Morgan Stanley reported in its latest proprietary Truckload Freight Index that volumes had improved but at a pace slower than the normal seasonality.
”On a seasonally-adjusted basis, our index has failed to show any improvement over the last 5-6 weeks,” said Morgan Stanley's Adam Longson and William Greene.
The analysts noted that while demand has improved as the US economy stabilized and inventories have normalized, truckload capacity remains abundant.
Rates remain near the trough levels reached earlier this year, they continued, although year-on-year declines are moderating on easier comparisons. Refrigerated (reefer) pricing may still be eroding–a potential negative for carriers with greater exposure.

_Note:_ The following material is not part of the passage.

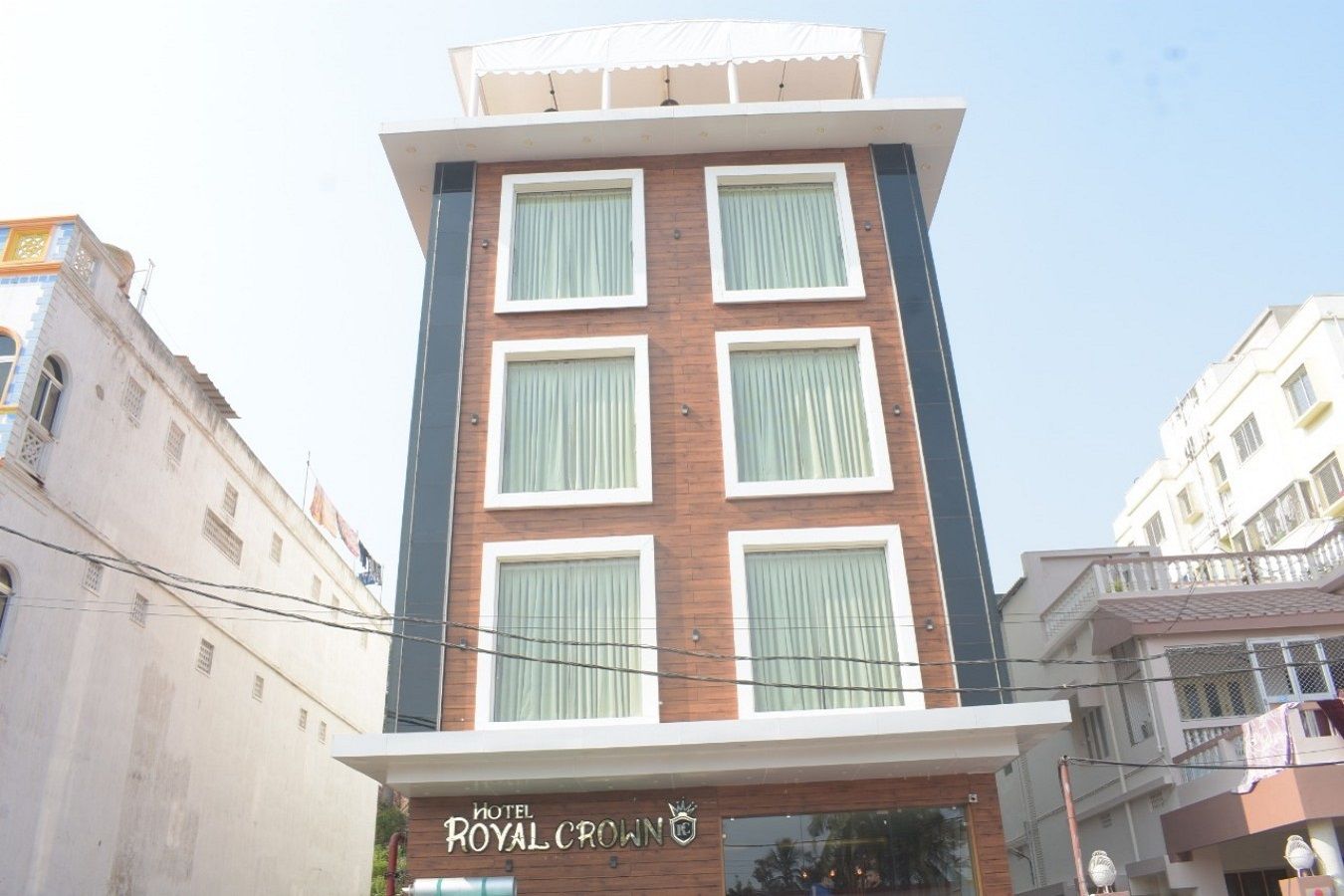 undefined Goroomgo Royal Crown puri 2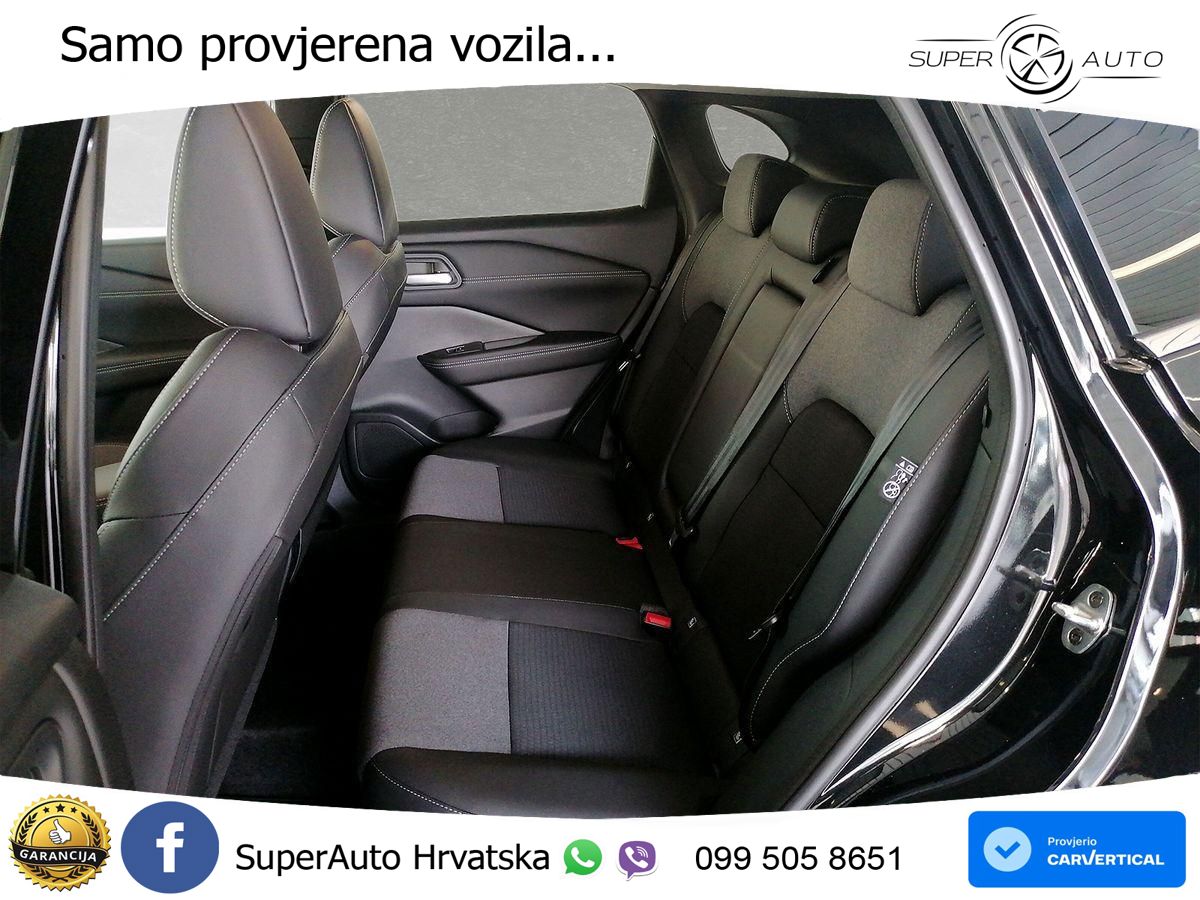 Nissan Qashqai 1.3 DIG-T (158 KS) Xtronic N-Connecta LED+GR SJED+ACC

Moreover, fourth-quarter demand may disappoint if retailers choose not to build inventories ahead of an uncertain holiday season.
Among positive signs highlighted by the analysts, at current levels, the Morgan Stanley index could show year-on-year improvement by mid-to-late October as carriers lap easier comparisons. The index also indicated a notable improvement in demand at the end of September. “It’s too early to tell if this is typical end-of-month shipping, which quickly subsides, or a sign of better times to come,” noted the analysts. “But the magnitude was greater than during recent months.” If retailers continue to drive down inventories, they said, any sudden uptick in retail demand could translate into a rapid increase in truckload services to avoid out-of-stocks.